- **Task objective**
Copy out all the records, word for word.

[Short text fragments from websites]
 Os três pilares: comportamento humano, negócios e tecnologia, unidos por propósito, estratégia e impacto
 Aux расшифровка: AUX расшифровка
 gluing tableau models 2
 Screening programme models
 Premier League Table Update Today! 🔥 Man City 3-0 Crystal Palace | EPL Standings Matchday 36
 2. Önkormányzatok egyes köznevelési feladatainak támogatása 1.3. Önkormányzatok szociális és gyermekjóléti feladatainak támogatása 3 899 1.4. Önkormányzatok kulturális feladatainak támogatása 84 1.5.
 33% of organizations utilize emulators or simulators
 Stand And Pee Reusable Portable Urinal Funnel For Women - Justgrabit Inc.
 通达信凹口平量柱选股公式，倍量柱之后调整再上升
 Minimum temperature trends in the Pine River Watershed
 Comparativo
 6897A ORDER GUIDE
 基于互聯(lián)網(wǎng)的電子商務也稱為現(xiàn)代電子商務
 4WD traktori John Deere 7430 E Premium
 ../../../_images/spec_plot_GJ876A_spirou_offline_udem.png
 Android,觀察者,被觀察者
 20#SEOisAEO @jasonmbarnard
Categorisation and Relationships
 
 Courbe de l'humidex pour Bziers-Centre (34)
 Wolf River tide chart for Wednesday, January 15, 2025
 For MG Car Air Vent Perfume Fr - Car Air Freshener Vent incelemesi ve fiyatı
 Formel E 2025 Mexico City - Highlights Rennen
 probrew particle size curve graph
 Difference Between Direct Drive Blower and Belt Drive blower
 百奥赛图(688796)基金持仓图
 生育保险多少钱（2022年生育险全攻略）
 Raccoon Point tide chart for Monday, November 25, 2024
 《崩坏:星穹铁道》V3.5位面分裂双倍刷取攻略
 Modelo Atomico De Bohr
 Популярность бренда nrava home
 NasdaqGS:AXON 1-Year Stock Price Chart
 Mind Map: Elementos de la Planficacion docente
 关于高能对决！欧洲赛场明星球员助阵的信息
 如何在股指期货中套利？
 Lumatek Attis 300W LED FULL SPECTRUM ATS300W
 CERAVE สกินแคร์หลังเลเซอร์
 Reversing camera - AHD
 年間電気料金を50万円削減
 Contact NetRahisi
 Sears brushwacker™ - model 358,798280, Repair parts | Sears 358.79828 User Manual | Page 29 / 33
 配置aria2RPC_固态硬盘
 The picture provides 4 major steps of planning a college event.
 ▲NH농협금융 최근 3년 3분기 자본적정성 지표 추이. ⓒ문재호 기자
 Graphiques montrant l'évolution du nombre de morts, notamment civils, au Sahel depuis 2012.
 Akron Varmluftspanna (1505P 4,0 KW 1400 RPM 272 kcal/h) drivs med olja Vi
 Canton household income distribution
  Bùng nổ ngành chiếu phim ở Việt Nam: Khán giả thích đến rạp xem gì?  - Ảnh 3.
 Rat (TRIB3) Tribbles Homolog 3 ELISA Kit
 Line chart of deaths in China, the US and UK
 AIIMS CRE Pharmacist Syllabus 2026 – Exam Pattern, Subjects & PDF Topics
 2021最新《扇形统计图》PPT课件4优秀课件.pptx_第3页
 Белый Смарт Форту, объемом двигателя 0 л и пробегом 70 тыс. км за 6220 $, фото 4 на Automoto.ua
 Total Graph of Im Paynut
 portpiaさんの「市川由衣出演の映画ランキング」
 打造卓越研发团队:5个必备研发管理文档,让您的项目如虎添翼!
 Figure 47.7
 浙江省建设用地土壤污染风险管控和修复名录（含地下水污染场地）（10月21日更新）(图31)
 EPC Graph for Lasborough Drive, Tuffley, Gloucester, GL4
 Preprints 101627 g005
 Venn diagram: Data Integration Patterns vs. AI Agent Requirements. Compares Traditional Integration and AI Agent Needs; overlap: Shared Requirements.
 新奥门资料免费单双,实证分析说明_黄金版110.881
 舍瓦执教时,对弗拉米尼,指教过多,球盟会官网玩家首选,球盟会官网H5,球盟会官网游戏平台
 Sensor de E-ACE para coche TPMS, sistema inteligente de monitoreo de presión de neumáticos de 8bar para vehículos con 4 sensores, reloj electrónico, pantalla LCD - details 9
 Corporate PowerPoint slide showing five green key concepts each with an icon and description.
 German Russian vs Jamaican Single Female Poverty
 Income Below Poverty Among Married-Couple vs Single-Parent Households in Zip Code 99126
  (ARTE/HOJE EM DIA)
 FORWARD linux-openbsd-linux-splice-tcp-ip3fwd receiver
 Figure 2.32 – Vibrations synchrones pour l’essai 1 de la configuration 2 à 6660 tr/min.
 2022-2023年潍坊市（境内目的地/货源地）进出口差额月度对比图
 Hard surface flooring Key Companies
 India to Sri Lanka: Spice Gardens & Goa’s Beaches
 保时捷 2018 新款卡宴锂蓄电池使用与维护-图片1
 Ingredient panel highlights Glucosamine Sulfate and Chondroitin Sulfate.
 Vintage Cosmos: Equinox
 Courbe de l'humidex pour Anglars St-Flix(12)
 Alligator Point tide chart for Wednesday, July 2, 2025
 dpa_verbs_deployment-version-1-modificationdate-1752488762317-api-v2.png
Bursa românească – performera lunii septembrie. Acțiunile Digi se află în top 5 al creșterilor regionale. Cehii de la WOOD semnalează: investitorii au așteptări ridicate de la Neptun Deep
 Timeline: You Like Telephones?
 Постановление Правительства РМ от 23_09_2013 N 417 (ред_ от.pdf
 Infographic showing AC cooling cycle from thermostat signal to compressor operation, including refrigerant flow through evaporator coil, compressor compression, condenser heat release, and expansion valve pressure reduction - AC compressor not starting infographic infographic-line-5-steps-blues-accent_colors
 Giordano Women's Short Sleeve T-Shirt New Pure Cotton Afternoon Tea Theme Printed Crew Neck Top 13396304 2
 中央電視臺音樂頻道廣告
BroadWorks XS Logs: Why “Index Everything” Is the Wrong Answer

- **Result of this exercise**
 Os três pilares: comportamento humano, negócios e tecnologia, unidos por propósito, estratégia e impacto
 Aux расшифровка: AUX расшифровка
 gluing tableau models 2
 Screening programme models
 Premier League Table Update Today! 🔥 Man City 3-0 Crystal Palace | EPL Standings Matchday 36
 2. Önkormányzatok egyes köznevelési feladatainak támogatása 1.3. Önkormányzatok szociális és gyermekjóléti feladatainak támogatása 3 899 1.4. Önkormányzatok kulturális feladatainak támogatása 84 1.5.
 33% of organizations utilize emulators or simulators
 Stand And Pee Reusable Portable Urinal Funnel For Women - Justgrabit Inc.
 通达信凹口平量柱选股公式，倍量柱之后调整再上升
 Minimum temperature trends in the Pine River Watershed
 Comparativo
 6897A ORDER GUIDE
 基于互聯(lián)網(wǎng)的電子商務也稱為現(xiàn)代電子商務
 4WD traktori John Deere 7430 E Premium
 ../../../_images/spec_plot_GJ876A_spirou_offline_udem.png
 Android,觀察者,被觀察者
 20#SEOisAEO @jasonmbarnard
Categorisation and Relationships
 
 Courbe de l'humidex pour Bziers-Centre (34)
 Wolf River tide chart for Wednesday, January 15, 2025
 For MG Car Air Vent Perfume Fr - Car Air Freshener Vent incelemesi ve fiyatı
 Formel E 2025 Mexico City - Highlights Rennen
 probrew particle size curve graph
 Difference Between Direct Drive Blower and Belt Drive blower
 百奥赛图(688796)基金持仓图
 生育保险多少钱（2022年生育险全攻略）
 Raccoon Point tide chart for Monday, November 25, 2024
 《崩坏:星穹铁道》V3.5位面分裂双倍刷取攻略
 Modelo Atomico De Bohr
 Популярность бренда nrava home
 NasdaqGS:AXON 1-Year Stock Price Chart
 Mind Map: Elementos de la Planficacion docente
 关于高能对决！欧洲赛场明星球员助阵的信息
 如何在股指期货中套利？
 Lumatek Attis 300W LED FULL SPECTRUM ATS300W
 CERAVE สกินแคร์หลังเลเซอร์
 Reversing camera - AHD
 年間電気料金を50万円削減
 Contact NetRahisi
 Sears brushwacker™ - model 358,798280, Repair parts | Sears 358.79828 User Manual | Page 29 / 33
 配置aria2RPC_固态硬盘
 The picture provides 4 major steps of planning a college event.
 ▲NH농협금융 최근 3년 3분기 자본적정성 지표 추이. ⓒ문재호 기자
 Graphiques montrant l'évolution du nombre de morts, notamment civils, au Sahel depuis 2012.
 Akron Varmluftspanna (1505P 4,0 KW 1400 RPM 272 kcal/h) drivs med olja Vi
 Canton household income distribution
  Bùng nổ ngành chiếu phim ở Việt Nam: Khán giả thích đến rạp xem gì?  - Ảnh 3.
 Rat (TRIB3) Tribbles Homolog 3 ELISA Kit
 Line chart of deaths in China, the US and UK
 AIIMS CRE Pharmacist Syllabus 2026 – Exam Pattern, Subjects & PDF Topics
 2021最新《扇形统计图》PPT课件4优秀课件.pptx_第3页
 Белый Смарт Форту, объемом двигателя 0 л и пробегом 70 тыс. км за 6220 $, фото 4 на Automoto.ua
 Total Graph of Im Paynut
 portpiaさんの「市川由衣出演の映画ランキング」
 打造卓越研发团队:5个必备研发管理文档,让您的项目如虎添翼!
 Figure 47.7
 浙江省建设用地土壤污染风险管控和修复名录（含地下水污染场地）（10月21日更新）(图31)
 EPC Graph for Lasborough Drive, Tuffley, Gloucester, GL4
 Preprints 101627 g005
 Venn diagram: Data Integration Patterns vs. AI Agent Requirements. Compares Traditional Integration and AI Agent Needs; overlap: Shared Requirements.
 新奥门资料免费单双,实证分析说明_黄金版110.881
 舍瓦执教时,对弗拉米尼,指教过多,球盟会官网玩家首选,球盟会官网H5,球盟会官网游戏平台
 Sensor de E-ACE para coche TPMS, sistema inteligente de monitoreo de presión de neumáticos de 8bar para vehículos con 4 sensores, reloj electrónico, pantalla LCD - details 9
 Corporate PowerPoint slide showing five green key concepts each with an icon and description.
 German Russian vs Jamaican Single Female Poverty
 Income Below Poverty Among Married-Couple vs Single-Parent Households in Zip Code 99126
  (ARTE/HOJE EM DIA)
 FORWARD linux-openbsd-linux-splice-tcp-ip3fwd receiver
 Figure 2.32 – Vibrations synchrones pour l’essai 1 de la configuration 2 à 6660 tr/min.
 2022-2023年潍坊市（境内目的地/货源地）进出口差额月度对比图
 Hard surface flooring Key Companies
 India to Sri Lanka: Spice Gardens & Goa’s Beaches
 保时捷 2018 新款卡宴锂蓄电池使用与维护-图片1
 Ingredient panel highlights Glucosamine Sulfate and Chondroitin Sulfate.
 Vintage Cosmos: Equinox
 Courbe de l'humidex pour Anglars St-Flix(12)
 Alligator Point tide chart for Wednesday, July 2, 2025
 dpa_verbs_deployment-version-1-modificationdate-1752488762317-api-v2.png
Bursa românească – performera lunii septembrie. Acțiunile Digi se află în top 5 al creșterilor regionale. Cehii de la WOOD semnalează: investitorii au așteptări ridicate de la Neptun Deep
 Timeline: You Like Telephones?
 Постановление Правительства РМ от 23_09_2013 N 417 (ред_ от.pdf
 Infographic showing AC cooling cycle from thermostat signal to compressor operation, including refrigerant flow through evaporator coil, compressor compression, condenser heat release, and expansion valve pressure reduction - AC compressor not starting infographic infographic-line-5-steps-blues-accent_colors
 Giordano Women's Short Sleeve T-Shirt New Pure Cotton Afternoon Tea Theme Printed Crew Neck Top 13396304 2
 中央電視臺音樂頻道廣告
BroadWorks XS Logs: Why “Index Everything” Is the Wrong Answer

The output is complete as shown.